In addition to efficient resource management of traditional landscaping, Purdue University has planted native trees, grasses, and shrubs throughout campus. Although native plantings can look "messier" than traditional plantings, they tolerate local environmental conditions better, encourage greater bio-diversity, and are more self sustaining, requiring fewer artificial nutrients.
The native plantings on campus include varieties such as native juniper, Pennsylvania sedge, prairie grass, and purple and yellow cone flowers. These varieties have also been used on select bioswales around the university, which help divert stormwater runoff from the sewage system and allow excess water to irrigate the land.
Prominent native plantings on the West Lafayette campus
Pfendler Hall and Agricultural Communication Building
The native plantings at Pfendler Hall, which houses the Department of Forestry & Natural Resources, and the Agricultural Administration building serve both teaching demonstration and sustainability purposes. Originally a specialty garden for the Purdue Arboretum, the plantings switched to a native design in 2009.
Matthew Kern Memorial Garden
Located between Russell Street and the Purdue golf course, this was the university’s first native planting. The garden was dedicated in 1996, after the untimely demise of Purdue student Kern, by his parents. The garden was planted by Kern’s family, friends, and volunteers across campus. In addition to planting native varieties, bluebird houses were also built to promote greater bio-diversity.
Neil Armstrong Hall of Engineering
The native plantings at the Neil Armstrong Hall of Engineering were originally planted in June 2010 and were re-planted in spring 2011. These replaced the original planting, which included varieties such as little blue stem and beech grass. Unfortunately, the rich soil caused the original plants to “lodge” or fall over. Therefore, Purdue substituted native grasses such as prairie dropseed, with a bed of fern and black gum trees. The plantings are meant to invoke the metaphor of student growth and accomplishment at Purdue, so that visitors entering the building will see the lower prairie grass and when they leave the building through the back, they will be greeted by taller trees.
First Street Towers
The First Street Towers were the first and largest residential native landscape on campus.

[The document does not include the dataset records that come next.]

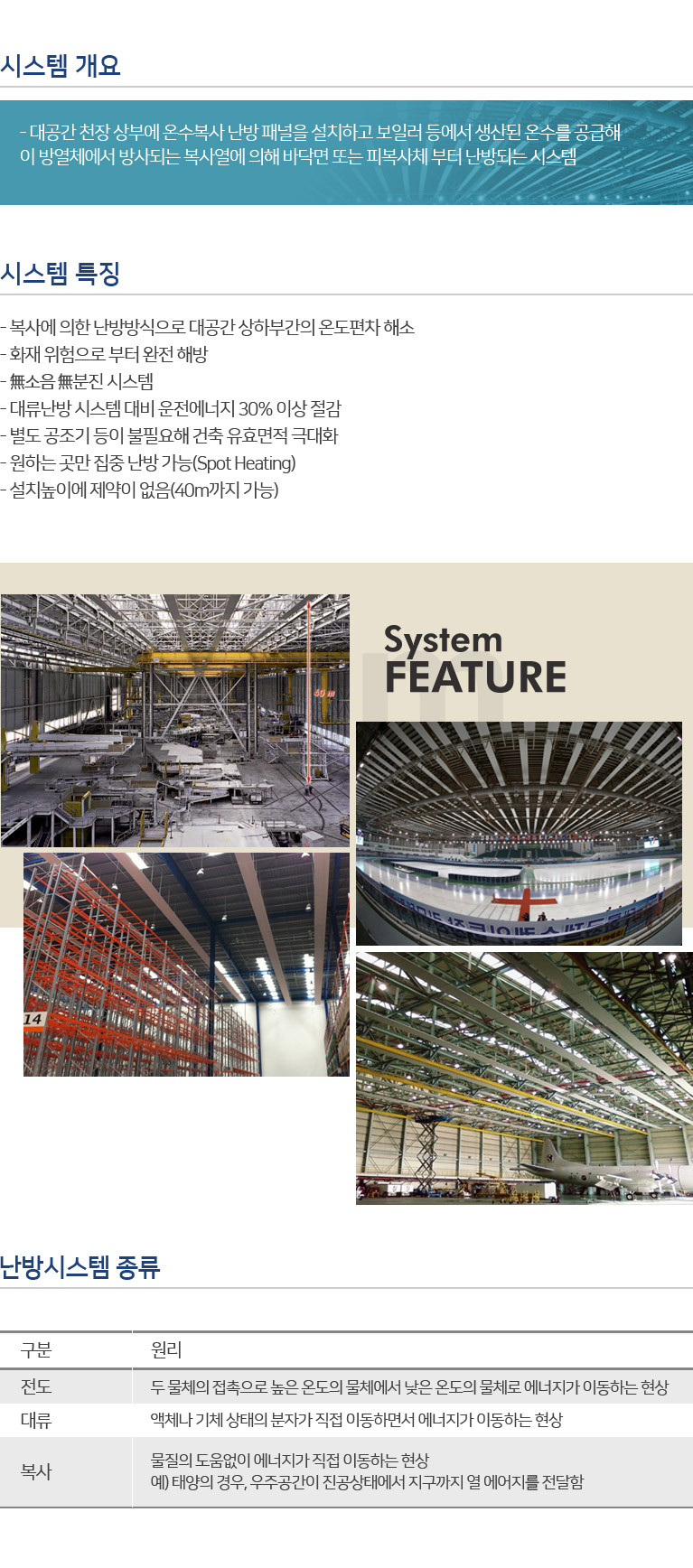 ����Ͽ�������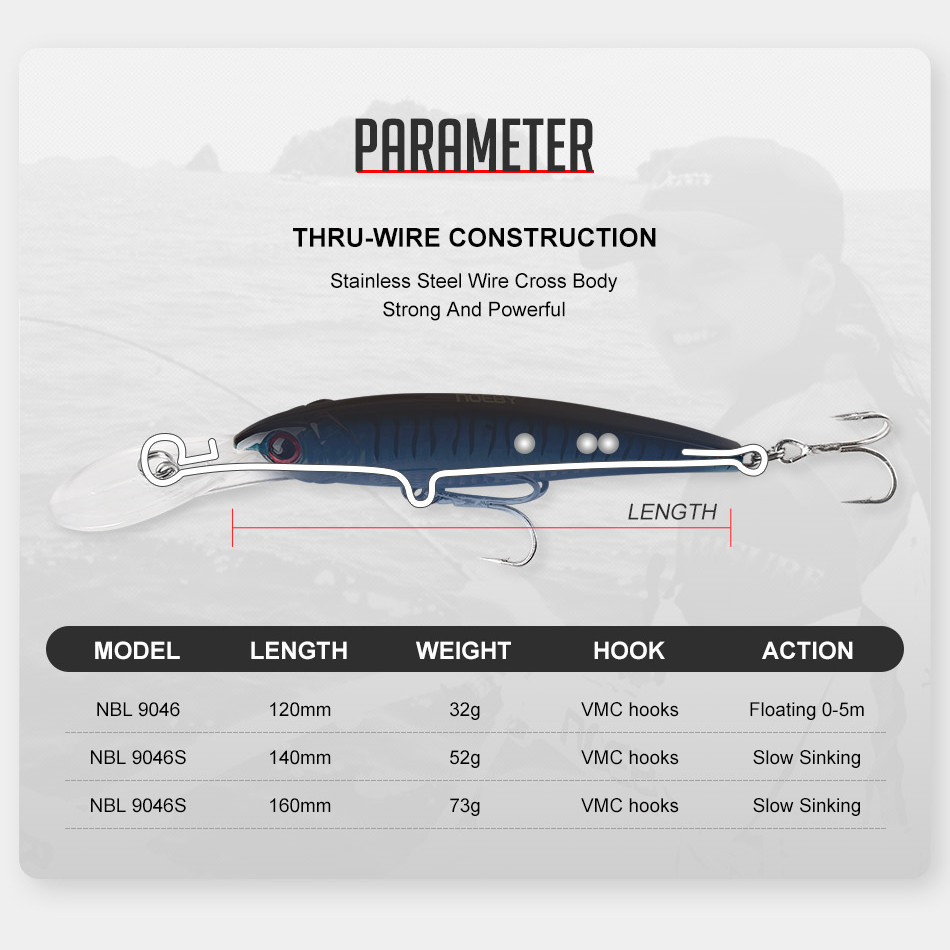 NOEBY 2PCS 16cm 74.7g 12cm 30g - مراجعة Fishing Lure Popper وسعره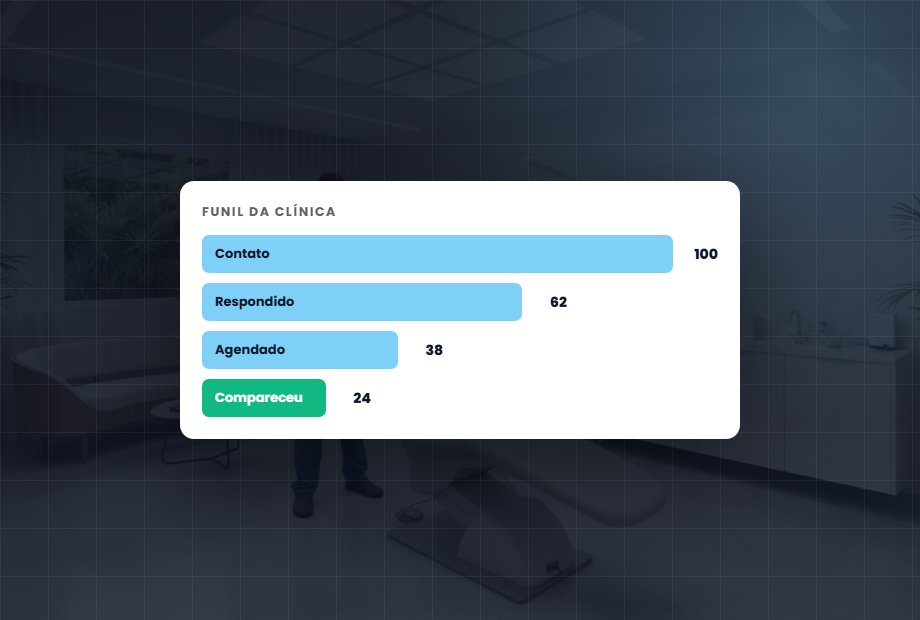 CRM: nenhum paciente esquecido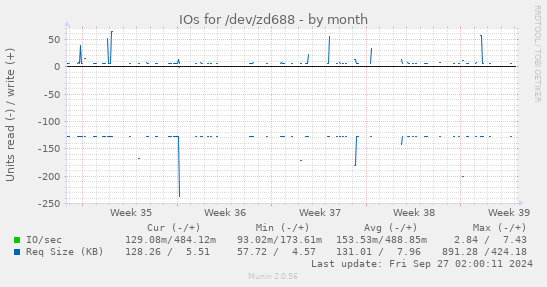 IOs for /dev/zd688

The facility landscaping centers on native plants such as little bluestem grass, prairie dropseed, and deschampsia, mixing some traditional varieties with them. The landscape integrates flowering perennials such as butterfly weed, goldenrod and windflower with the native grasses, to help people unfamiliar with the appearance of native grasses to better appreciate them. The Tower residents and managers helped with the planting by identifying various issues to be addressed by the grounds crew.